STJ – Acórdão, Rel. Ministro Antonio Saldanha Palheiro, Sexta Turma, j. 15/03/2022, p. 21/03/2022

Ementa

PROCESSO PENAL. HABEAS CORPUS. FURTO QUALIFICADO E ASSOCIAÇÃO CRIMINOSA. PRISÃO PREVENTIVA. FUNDAMENTAÇÃO. GARANTIA DA ORDEM PÚBLICA. RISCO CONCRETO DE REITERAÇÃO DELITIVA. DECRETO DEVIDAMENTE MOTIVADO. MEDIDAS CAUTELARES ALTERNATIVAS À PRISÃO. INSUFICIÊNCIA. 1. A validade da segregação cautelar está condicionada à observância, em decisão devidamente fundamentada, aos requisitos insertos no art. 312 do Código de Processo Penal, revelando-se indispensável a demonstração de em que consiste o periculum libertatis. 2. Na espécie, considerando-se a acusação pela prática dos delitos de furto qualificado e associação criminosa, a medida extrema foi imposta tendo como principal fundamento o fato de que os antecedentes criminais do paciente, o qual seria reincidente específico, "demonstram que o [agente] tem uma extensa ficha criminal, iniciada em 1979, sem interrupções até a presente data.

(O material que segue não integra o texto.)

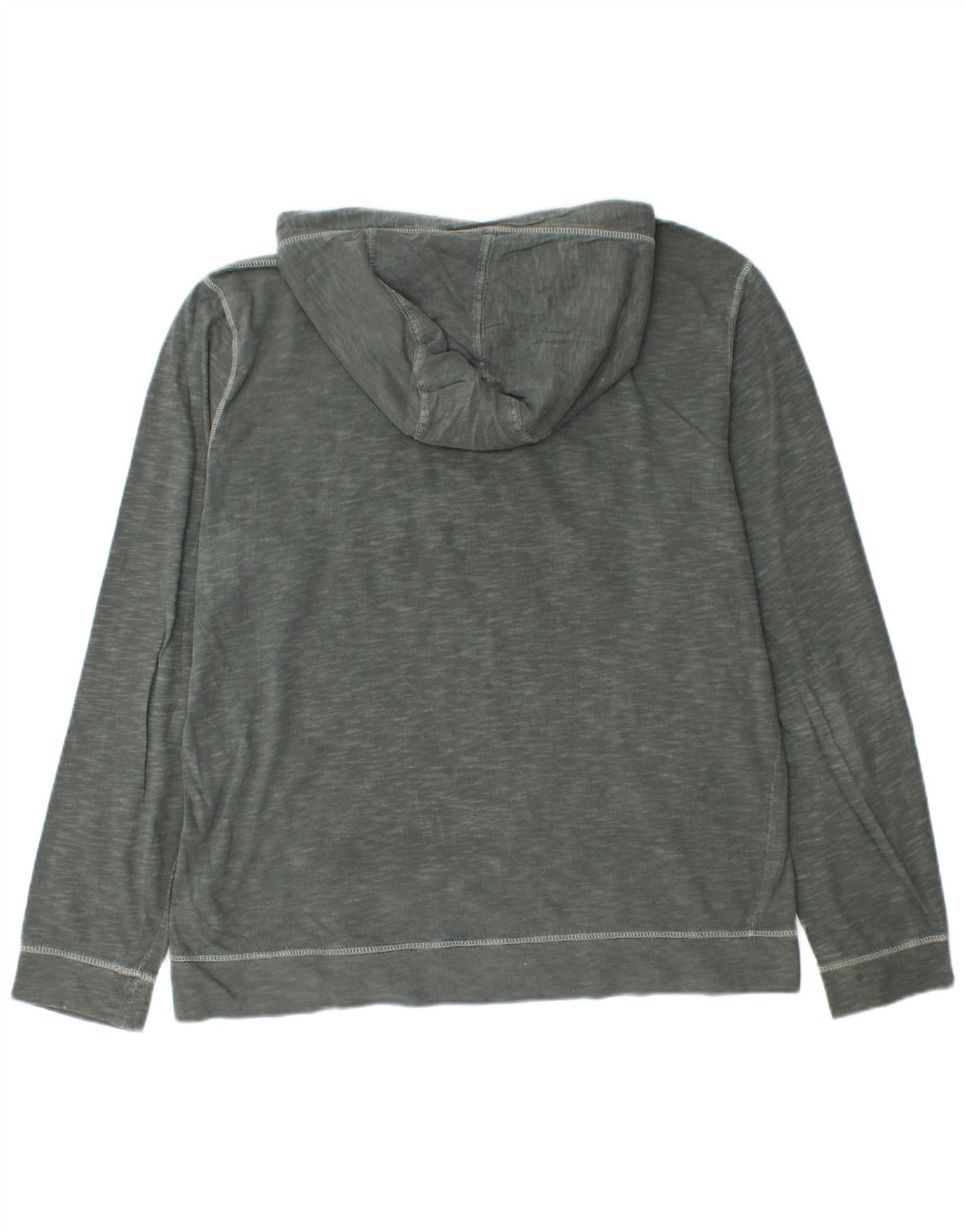 Top gráfico masculino com capuz e manga comprida grande algodão manchado cinza NAPAPIJRI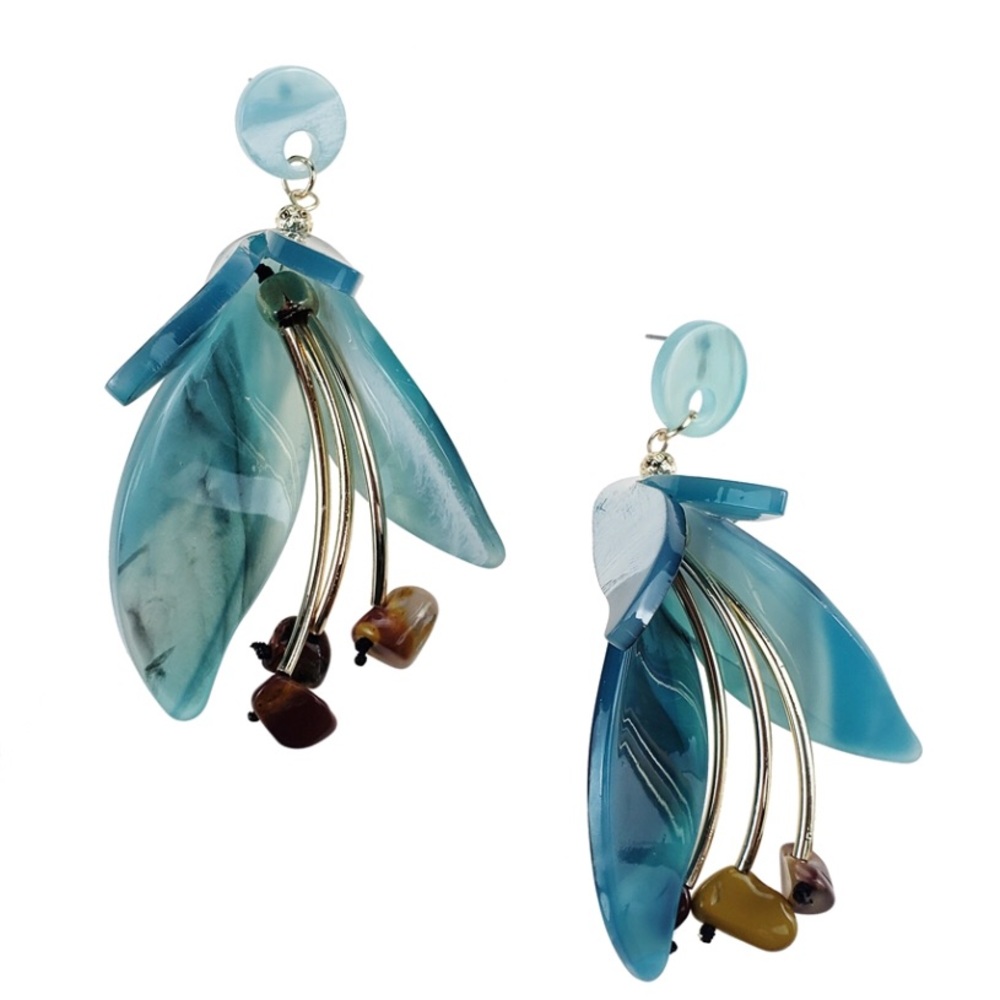 Beautiful one of a kind Raisin lily earrings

São mais de 30 anotações, todas por crime contra o patrimônio, a grande maioria por furto qualificado, havendo também roubo e receptação. Ademais, [...] nos autos do processo 0000166-96.2012.8.19.0037, o recorrido não cumpriu as condições da suspensão da pena, não obstante tenha sido intimado". 3. Como sedimentado em farta jurisprudência desta Corte, maus antecedentes, reincidência, atos infracionais pretéritos ou até mesmo outras ações penais ou inquéritos em curso justificam a imposição de segregação cautelar como forma de evitar a reiteração delitiva e, assim, garantir a ordem pública. 4. "As medidas cautelares do art. 319 do Código de Processo Penal são insuficientes para resguardar a ordem pública diante do risco concreto de reiteração delitiva" (HC n. 439.296/MG, relator Ministro SEBASTIÃO REIS JÚNIOR, SEXTA TURMA, julgado em 4/10/2018, DJe 23/10/2018). 5. A tese de que o paciente é idoso (63 anos) e que por isso correria maior risco de contaminação por covid-19 no ambiente do cárcere não foi objeto de apreciação pelo Tribunal de origem no acórdão impugnado, o que impede a sua análise diretamente por esta Corte, sob pena de indevida supressão de instância. 6. Writ parcialmente conhecido e, nessa extensão, ordem denegada. (HC n. 707.394/RJ, relator Ministro Antonio Saldanha Palheiro, Sexta Turma, julgado em 15/3/2022, DJe de 21/3/2022.)